Segment Start: Material to process

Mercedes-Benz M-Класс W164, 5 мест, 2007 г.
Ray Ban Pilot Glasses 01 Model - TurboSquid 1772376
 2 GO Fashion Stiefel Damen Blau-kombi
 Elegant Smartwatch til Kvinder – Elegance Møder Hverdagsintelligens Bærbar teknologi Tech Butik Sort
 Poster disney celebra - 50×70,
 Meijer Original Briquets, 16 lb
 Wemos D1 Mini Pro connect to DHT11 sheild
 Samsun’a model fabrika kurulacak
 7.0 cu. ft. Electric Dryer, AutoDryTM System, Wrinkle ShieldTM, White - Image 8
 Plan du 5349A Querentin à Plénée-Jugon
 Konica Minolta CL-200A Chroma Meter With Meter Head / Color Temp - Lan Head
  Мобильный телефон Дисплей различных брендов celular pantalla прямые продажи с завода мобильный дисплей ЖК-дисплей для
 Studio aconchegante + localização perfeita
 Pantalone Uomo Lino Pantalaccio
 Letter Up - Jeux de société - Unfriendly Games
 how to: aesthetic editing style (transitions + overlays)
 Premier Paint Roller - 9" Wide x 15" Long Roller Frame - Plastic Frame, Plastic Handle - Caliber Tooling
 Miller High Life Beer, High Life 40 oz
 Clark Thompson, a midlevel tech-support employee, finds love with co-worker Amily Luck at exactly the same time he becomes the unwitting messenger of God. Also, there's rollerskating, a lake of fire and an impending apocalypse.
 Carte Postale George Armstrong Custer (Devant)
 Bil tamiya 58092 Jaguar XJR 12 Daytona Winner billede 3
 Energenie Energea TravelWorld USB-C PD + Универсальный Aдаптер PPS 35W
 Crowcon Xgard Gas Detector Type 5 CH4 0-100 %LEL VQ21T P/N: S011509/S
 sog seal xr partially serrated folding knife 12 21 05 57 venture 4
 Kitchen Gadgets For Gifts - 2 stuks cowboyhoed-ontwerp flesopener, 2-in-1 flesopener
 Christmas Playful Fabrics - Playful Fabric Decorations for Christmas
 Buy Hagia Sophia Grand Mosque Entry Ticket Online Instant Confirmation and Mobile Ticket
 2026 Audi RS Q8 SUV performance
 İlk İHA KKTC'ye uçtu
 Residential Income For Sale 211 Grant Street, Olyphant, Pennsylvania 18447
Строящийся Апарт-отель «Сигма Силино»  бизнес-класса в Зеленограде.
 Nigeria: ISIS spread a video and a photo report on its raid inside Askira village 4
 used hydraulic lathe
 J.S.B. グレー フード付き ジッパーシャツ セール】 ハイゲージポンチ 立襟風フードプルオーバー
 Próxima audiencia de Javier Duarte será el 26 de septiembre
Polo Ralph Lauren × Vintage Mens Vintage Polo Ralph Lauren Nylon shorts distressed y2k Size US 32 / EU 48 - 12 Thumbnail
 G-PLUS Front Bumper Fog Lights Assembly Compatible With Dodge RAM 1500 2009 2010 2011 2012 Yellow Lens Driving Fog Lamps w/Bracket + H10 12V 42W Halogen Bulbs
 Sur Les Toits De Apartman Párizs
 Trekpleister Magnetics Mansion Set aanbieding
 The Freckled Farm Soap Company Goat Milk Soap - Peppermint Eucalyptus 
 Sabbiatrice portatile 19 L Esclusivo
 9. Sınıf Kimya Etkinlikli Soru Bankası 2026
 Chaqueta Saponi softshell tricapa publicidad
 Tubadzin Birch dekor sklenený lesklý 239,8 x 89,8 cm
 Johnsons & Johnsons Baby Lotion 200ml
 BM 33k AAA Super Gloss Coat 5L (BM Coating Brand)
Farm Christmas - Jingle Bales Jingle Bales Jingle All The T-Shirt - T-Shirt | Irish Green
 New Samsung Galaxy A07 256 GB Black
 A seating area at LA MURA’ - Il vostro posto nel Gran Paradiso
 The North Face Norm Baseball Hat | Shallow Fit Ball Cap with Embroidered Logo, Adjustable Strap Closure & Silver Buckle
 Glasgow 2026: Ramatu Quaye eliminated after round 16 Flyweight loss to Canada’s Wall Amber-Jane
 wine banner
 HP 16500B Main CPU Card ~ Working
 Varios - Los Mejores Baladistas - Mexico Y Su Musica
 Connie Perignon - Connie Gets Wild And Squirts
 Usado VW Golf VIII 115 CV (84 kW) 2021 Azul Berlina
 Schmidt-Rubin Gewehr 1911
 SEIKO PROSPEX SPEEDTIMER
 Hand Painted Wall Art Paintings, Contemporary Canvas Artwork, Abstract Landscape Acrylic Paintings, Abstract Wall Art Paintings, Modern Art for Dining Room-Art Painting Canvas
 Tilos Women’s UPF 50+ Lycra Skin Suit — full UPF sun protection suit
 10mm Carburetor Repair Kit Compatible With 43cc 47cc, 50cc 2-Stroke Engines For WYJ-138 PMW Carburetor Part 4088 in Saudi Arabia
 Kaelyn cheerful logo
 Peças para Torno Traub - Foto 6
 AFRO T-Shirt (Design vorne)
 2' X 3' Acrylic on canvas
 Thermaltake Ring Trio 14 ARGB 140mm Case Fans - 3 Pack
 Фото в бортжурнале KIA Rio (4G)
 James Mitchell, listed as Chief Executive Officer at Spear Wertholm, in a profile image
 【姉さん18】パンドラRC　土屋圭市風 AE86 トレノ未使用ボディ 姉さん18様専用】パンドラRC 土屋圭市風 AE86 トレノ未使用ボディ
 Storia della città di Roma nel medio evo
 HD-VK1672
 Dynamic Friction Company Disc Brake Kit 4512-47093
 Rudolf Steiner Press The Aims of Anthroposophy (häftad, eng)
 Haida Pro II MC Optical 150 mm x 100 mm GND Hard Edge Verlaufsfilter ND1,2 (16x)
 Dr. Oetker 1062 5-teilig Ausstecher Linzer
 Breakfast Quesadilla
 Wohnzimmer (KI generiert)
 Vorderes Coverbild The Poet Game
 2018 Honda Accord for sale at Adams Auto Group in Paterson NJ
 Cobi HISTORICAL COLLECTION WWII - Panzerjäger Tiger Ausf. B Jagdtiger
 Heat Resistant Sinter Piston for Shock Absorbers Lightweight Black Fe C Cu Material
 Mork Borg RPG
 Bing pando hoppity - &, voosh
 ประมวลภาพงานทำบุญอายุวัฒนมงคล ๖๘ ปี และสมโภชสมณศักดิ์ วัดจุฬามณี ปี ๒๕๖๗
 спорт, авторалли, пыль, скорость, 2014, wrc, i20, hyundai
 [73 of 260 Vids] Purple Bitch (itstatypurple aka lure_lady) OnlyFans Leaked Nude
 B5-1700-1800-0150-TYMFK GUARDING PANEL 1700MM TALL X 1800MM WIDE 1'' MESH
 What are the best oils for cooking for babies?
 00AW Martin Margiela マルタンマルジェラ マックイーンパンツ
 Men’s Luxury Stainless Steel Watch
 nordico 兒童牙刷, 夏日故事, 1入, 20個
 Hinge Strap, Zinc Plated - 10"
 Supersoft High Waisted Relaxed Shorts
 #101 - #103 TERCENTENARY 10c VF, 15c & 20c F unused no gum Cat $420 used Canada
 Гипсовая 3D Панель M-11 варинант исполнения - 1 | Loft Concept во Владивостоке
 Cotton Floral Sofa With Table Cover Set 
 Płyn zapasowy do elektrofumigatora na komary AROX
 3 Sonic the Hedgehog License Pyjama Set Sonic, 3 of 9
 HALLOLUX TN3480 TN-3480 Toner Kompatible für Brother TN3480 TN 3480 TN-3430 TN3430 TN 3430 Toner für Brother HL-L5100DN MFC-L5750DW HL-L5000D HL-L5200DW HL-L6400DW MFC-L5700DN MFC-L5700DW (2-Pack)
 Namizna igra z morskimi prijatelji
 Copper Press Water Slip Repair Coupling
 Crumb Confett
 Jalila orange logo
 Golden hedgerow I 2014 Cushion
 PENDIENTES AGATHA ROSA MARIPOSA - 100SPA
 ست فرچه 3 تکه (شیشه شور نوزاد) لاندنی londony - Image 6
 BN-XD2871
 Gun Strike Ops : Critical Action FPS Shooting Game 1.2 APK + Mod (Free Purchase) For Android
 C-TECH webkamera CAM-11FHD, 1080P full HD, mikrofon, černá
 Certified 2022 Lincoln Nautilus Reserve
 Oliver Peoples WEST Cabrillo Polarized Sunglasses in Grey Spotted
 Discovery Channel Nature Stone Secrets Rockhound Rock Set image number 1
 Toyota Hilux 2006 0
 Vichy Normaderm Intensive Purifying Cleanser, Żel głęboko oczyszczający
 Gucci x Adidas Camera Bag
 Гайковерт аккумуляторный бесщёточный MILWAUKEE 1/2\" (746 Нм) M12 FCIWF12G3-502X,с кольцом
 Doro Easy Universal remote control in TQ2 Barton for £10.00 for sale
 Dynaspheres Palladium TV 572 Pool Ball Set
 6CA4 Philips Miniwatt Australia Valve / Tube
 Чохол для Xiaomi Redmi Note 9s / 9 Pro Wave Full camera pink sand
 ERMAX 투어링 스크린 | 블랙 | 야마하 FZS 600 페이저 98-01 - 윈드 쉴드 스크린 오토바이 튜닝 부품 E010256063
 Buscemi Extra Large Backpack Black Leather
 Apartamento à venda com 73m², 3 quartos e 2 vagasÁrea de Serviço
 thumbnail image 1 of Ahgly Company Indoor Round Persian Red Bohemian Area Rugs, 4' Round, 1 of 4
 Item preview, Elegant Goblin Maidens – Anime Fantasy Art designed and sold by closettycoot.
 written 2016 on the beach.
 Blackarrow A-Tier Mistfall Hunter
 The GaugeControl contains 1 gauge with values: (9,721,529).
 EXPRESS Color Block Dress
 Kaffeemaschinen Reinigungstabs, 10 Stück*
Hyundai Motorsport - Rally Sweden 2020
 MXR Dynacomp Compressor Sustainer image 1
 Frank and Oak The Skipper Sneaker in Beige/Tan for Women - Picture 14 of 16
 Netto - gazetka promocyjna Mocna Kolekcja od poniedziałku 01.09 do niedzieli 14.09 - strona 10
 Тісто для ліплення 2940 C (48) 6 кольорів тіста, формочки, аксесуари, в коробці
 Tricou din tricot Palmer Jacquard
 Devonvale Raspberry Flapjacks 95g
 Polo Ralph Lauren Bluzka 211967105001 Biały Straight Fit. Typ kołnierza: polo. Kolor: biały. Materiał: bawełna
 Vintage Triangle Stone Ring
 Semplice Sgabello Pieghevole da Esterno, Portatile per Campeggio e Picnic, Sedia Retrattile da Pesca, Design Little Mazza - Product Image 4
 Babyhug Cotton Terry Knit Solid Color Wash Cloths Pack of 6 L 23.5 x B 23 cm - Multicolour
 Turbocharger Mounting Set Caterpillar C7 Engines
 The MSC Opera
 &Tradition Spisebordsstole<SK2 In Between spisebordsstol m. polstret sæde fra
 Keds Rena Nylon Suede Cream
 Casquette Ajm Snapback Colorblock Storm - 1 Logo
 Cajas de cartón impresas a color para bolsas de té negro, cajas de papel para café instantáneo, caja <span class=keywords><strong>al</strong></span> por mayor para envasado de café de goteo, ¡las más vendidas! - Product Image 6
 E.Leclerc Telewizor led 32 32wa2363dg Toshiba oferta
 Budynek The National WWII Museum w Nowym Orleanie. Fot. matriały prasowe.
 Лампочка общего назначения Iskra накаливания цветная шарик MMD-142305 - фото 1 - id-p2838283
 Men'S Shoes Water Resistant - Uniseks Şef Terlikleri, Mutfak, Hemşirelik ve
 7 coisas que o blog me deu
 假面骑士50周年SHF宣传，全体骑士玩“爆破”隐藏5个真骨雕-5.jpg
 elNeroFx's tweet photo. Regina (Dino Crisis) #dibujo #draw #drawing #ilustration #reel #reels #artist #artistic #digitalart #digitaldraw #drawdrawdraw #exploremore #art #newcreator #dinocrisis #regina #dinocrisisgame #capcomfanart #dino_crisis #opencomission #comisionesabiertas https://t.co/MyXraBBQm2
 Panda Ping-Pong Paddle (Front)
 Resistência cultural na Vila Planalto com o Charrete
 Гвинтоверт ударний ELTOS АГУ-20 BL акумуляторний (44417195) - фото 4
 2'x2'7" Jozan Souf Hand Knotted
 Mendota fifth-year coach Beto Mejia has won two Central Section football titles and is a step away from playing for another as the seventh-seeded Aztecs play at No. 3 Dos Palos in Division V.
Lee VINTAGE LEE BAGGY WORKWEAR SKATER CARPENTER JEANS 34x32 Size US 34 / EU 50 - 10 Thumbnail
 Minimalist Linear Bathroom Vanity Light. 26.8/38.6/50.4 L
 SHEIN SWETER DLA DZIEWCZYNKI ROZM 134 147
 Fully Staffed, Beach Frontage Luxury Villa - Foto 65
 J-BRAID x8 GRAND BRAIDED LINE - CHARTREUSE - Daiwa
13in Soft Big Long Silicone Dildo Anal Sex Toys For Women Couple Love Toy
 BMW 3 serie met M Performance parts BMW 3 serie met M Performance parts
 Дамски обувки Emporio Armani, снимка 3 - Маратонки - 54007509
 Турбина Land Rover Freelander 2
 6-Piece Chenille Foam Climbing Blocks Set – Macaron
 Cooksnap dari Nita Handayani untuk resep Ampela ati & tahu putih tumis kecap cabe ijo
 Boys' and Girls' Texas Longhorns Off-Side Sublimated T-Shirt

Segment End: Material to process

Starting at the line that contains "6-Piece Chenille Foam", copy each line through the last one in the records, exactly, and output nothing else.

Expected answer =
 6-Piece Chenille Foam Climbing Blocks Set – Macaron
 Cooksnap dari Nita Handayani untuk resep Ampela ati & tahu putih tumis kecap cabe ijo
 Boys' and Girls' Texas Longhorns Off-Side Sublimated T-Shirt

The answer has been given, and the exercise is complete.